— Data segment —

------------

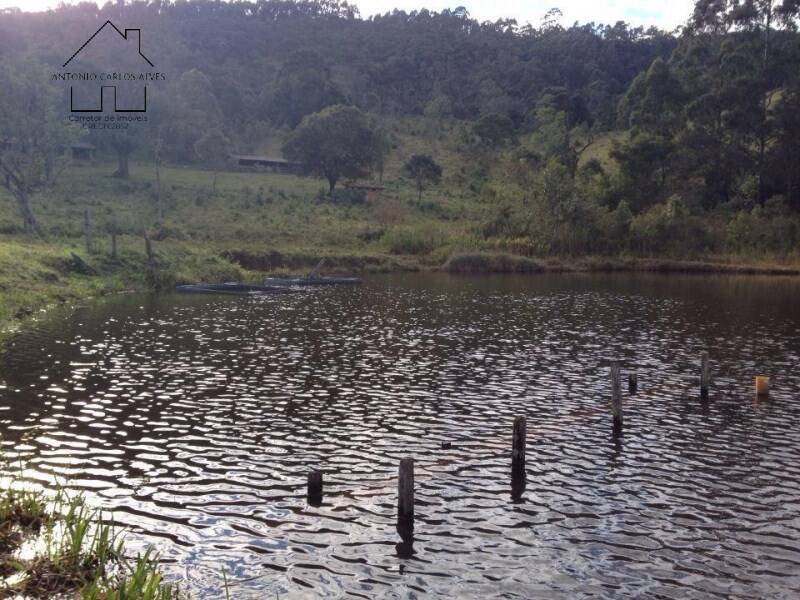 Fazenda à venda com 4 quartos, 1000m² - Foto 36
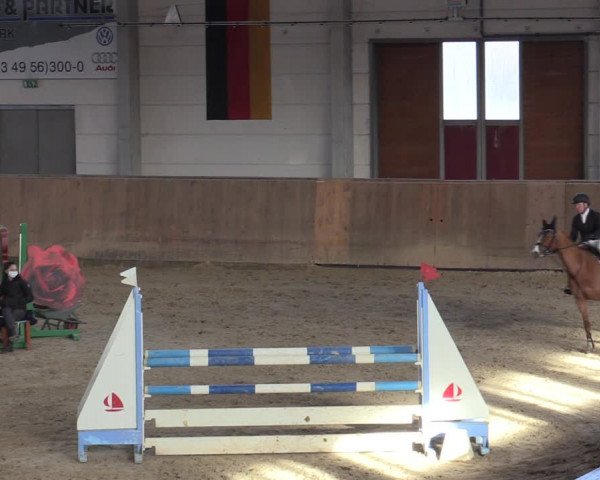 Reitturnier Prussendorf 2021
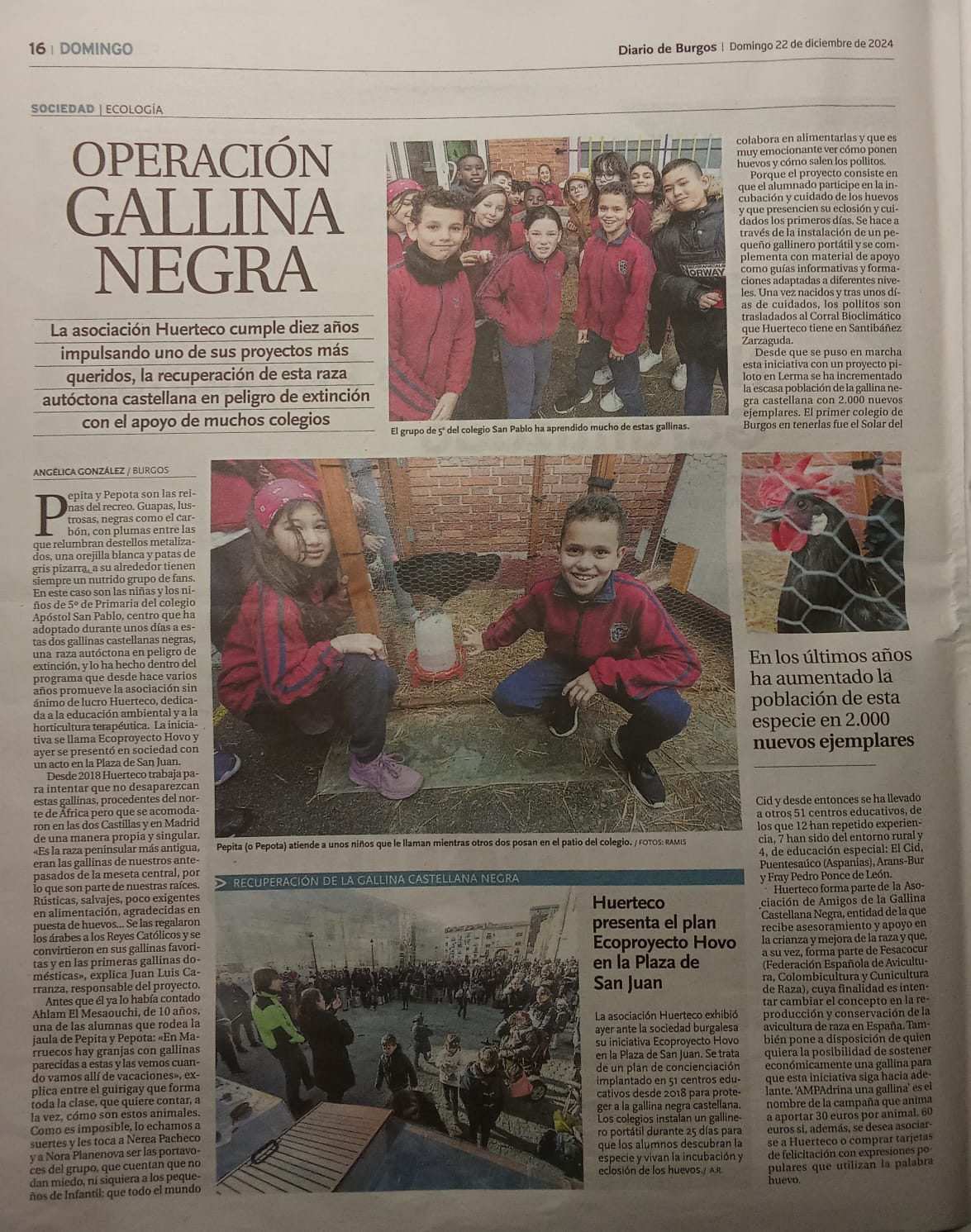 El Diario de Burgos destaca la campaña de Huerteco para conservar la gallina negra castellana, con entrevista, semáforo en verde y tira cómica incluida.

------------

The data above should be set down again exactly, with the pictures omitted.

 Fazenda à venda com 4 quartos, 1000m² - Foto 36
 Reitturnier Prussendorf 2021
 El Diario de Burgos destaca la campaña de Huerteco para conservar la gallina negra castellana, con entrevista, semáforo en verde y tira cómica incluida.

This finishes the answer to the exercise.